What this task involves: Starting at the line below with "MAGNOLIA BRANCH CUSTOM INVITATION" and stopping at the line with "Mesa Gamer con LEDs", please print each line exactly, those two included, and skip every picture.

Materials provided:
┌──

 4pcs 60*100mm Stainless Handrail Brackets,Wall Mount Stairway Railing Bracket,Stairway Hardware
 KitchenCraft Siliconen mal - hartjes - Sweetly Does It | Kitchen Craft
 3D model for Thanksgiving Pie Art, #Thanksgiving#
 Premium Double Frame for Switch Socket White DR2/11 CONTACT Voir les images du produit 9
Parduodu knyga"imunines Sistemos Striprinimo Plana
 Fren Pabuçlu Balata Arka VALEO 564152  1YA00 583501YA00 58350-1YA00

└──
┌──

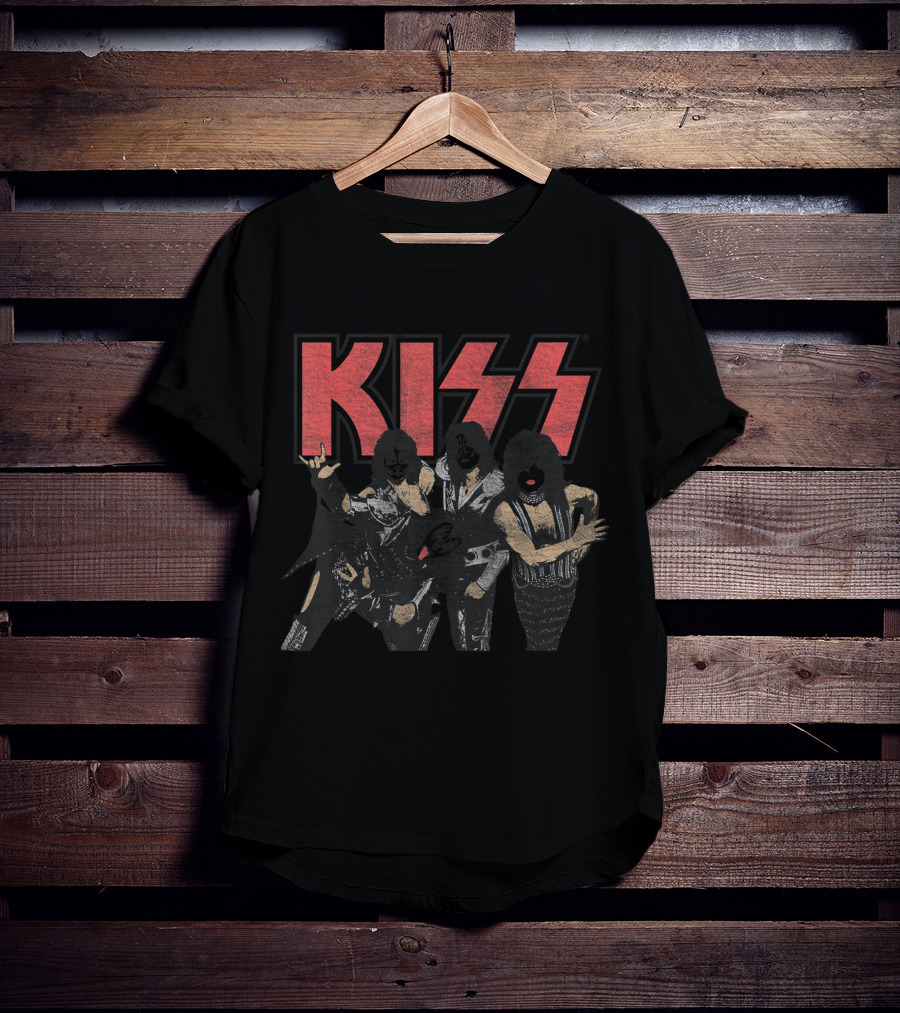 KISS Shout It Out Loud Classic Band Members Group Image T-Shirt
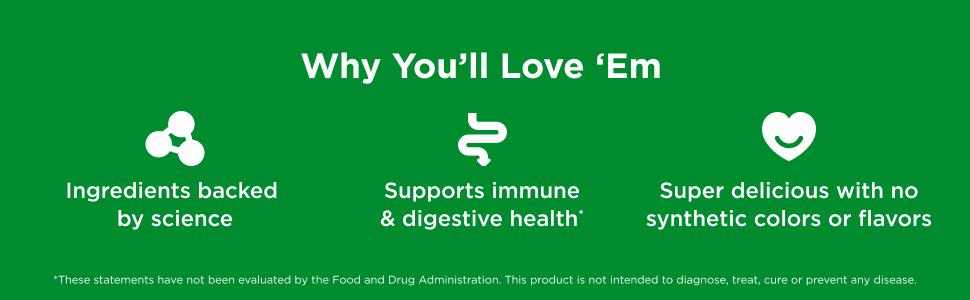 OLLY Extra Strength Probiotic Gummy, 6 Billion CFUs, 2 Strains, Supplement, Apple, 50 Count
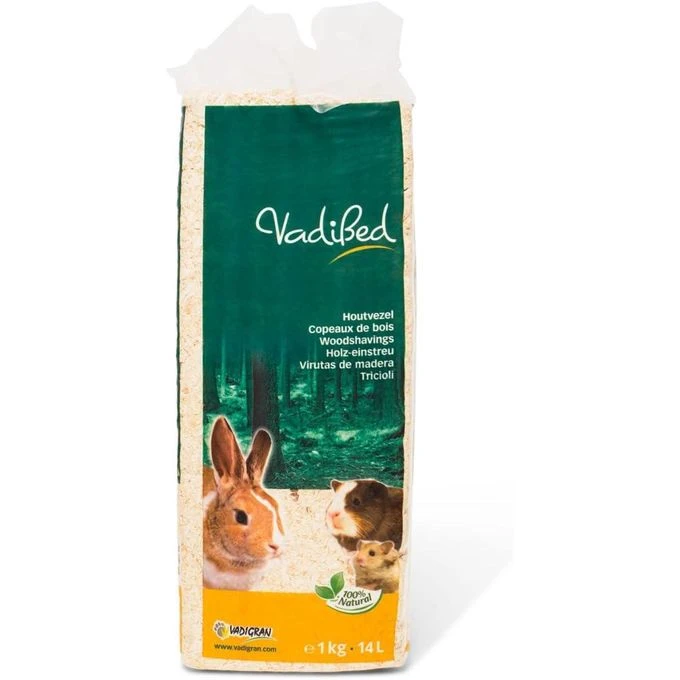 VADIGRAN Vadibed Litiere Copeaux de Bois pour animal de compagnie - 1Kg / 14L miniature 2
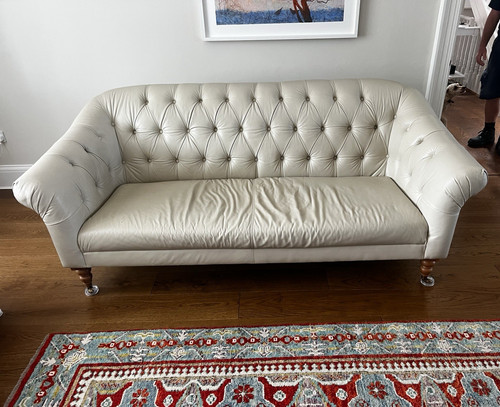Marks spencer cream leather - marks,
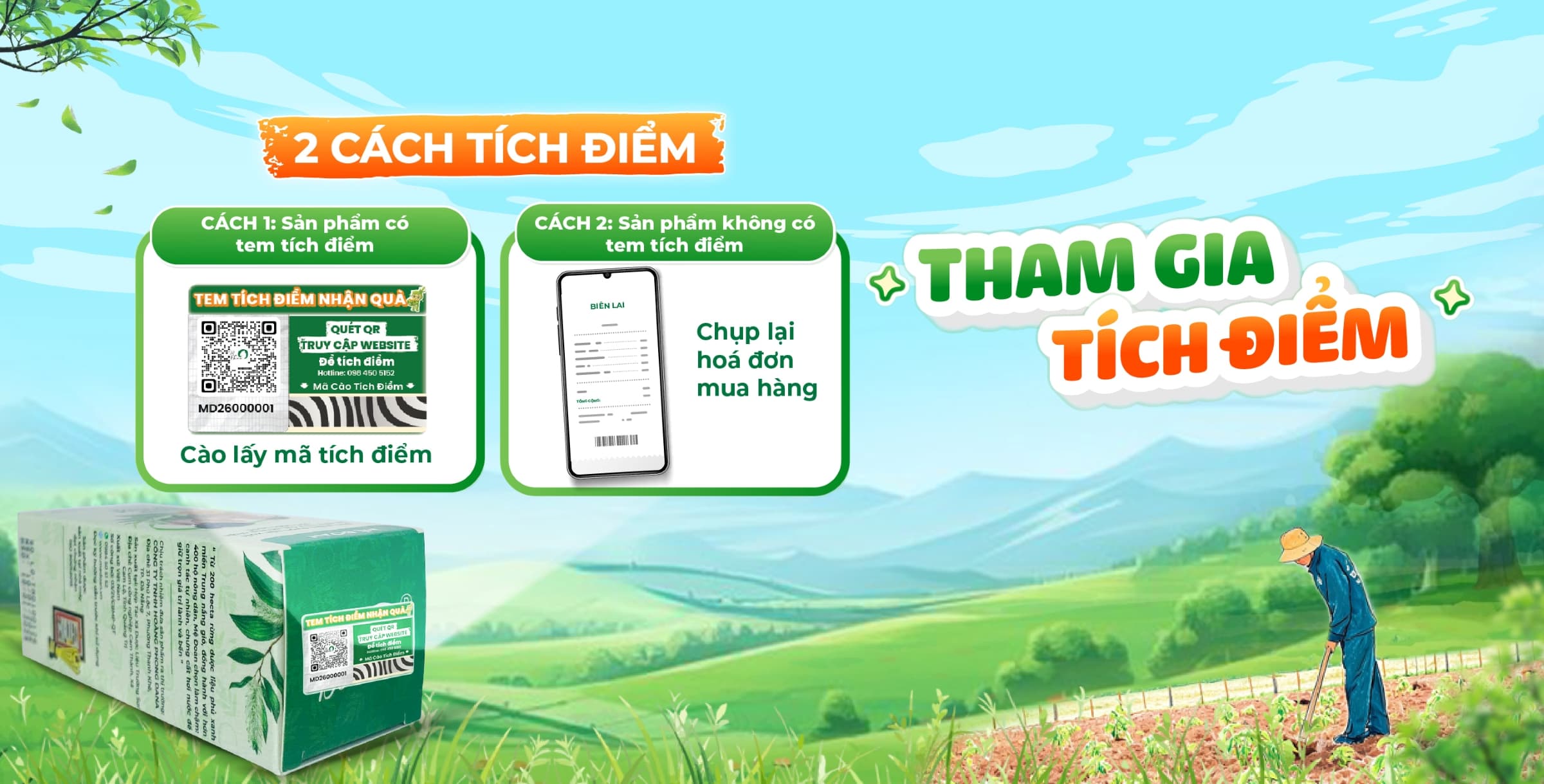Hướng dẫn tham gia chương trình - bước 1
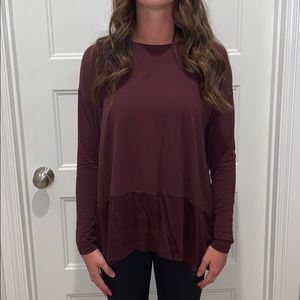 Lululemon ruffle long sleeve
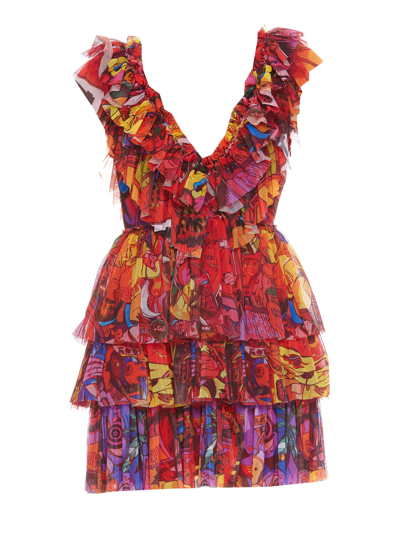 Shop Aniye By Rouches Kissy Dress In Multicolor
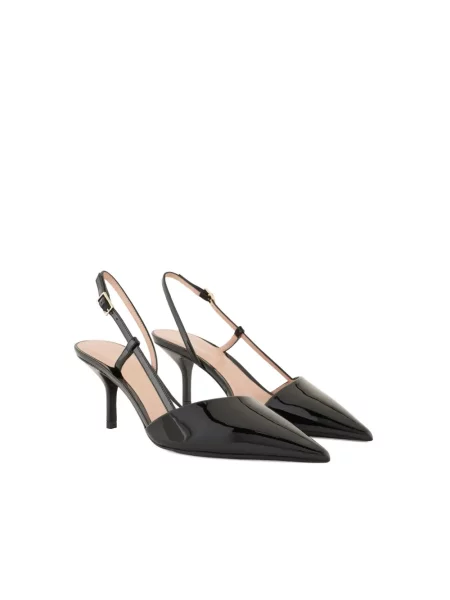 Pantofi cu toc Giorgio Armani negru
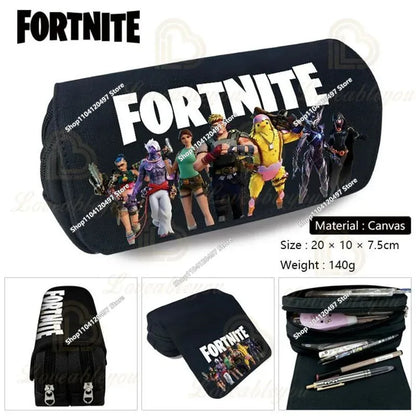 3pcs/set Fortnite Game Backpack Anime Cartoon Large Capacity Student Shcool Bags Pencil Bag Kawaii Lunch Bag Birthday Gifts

└──
┌──

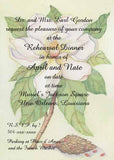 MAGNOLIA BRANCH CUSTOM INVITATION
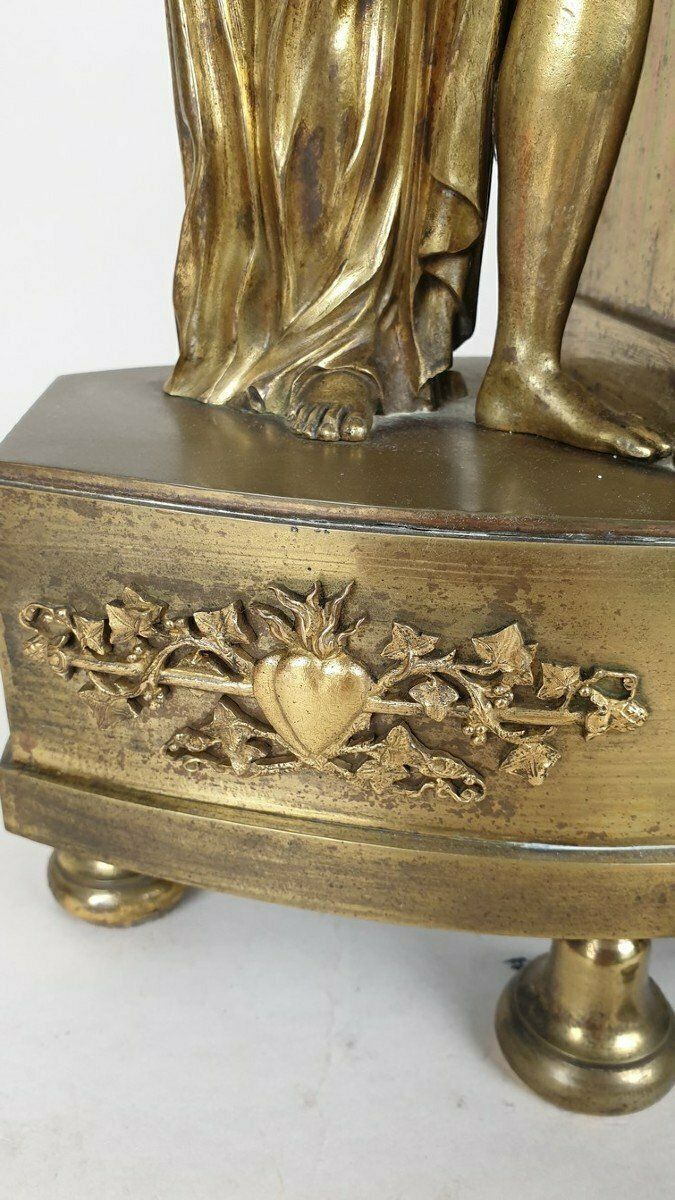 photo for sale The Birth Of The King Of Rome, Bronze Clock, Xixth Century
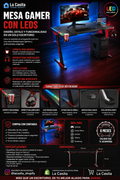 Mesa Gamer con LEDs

└──

Task result:
 MAGNOLIA BRANCH CUSTOM INVITATION
 photo for sale The Birth Of The King Of Rome, Bronze Clock, Xixth Century
 Mesa Gamer con LEDs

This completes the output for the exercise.